基于机动频率自适应的增强层级融合算法

doi:10.12305/j.issn.1001-506X.2025.10.04

Abstract

Abstract:

To address the issues of filter divergence and track distortion in long-term multi-source track fusion tracking caused by reliance on empirical parameters, an enhanced hierarchical fusion algorithm based on maneuver frequency adaptive parameters is proposed. This algorithm improves the dependence of traditional fusion methods on empirical parameters and ideal reception conditions, enabling stable target tracking and generation of integrated track in complex scenarios. Experimental results show that the enhanced hierarchical fusion model incorporating maneuver frequency adaptation achieves an average optimization improvement of 36.16%. This algorithm significantly enhances the robustness and timeliness of the system in high dynamic environments by introducing an adaptive mechanism driven by maneuvering frequency and a hierarchical feedback structure, providing an effective solution for high-precision and stable fusion of multi-source track in complex scenarios.

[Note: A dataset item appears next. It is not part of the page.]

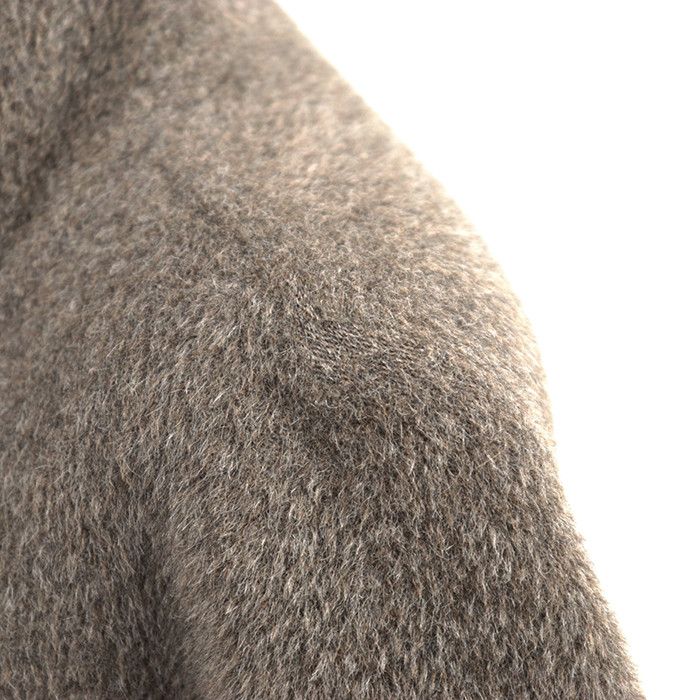 Max Mara MaxMara MaxMara Alpaca Wool Coat Textile Outerwear DUTY FREE for USA Size ONE SIZE - 4 Thumbnail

Key words: adaptive maneuvering frequency, multi sensor cooperation, heterogeneous information source fusion, enhanced hierarchical fusion model

CLC Number:

Gaozhi ZHONG, Hongyi XU, Changbo HOU, Pengqi ZHAO, Haonan GUO. Enhanced hierarchical fusion algorithm based on adaptive maneuvering frequency[J]. Systems Engineering and Electronics, 2025, 47(10): 3155-3167.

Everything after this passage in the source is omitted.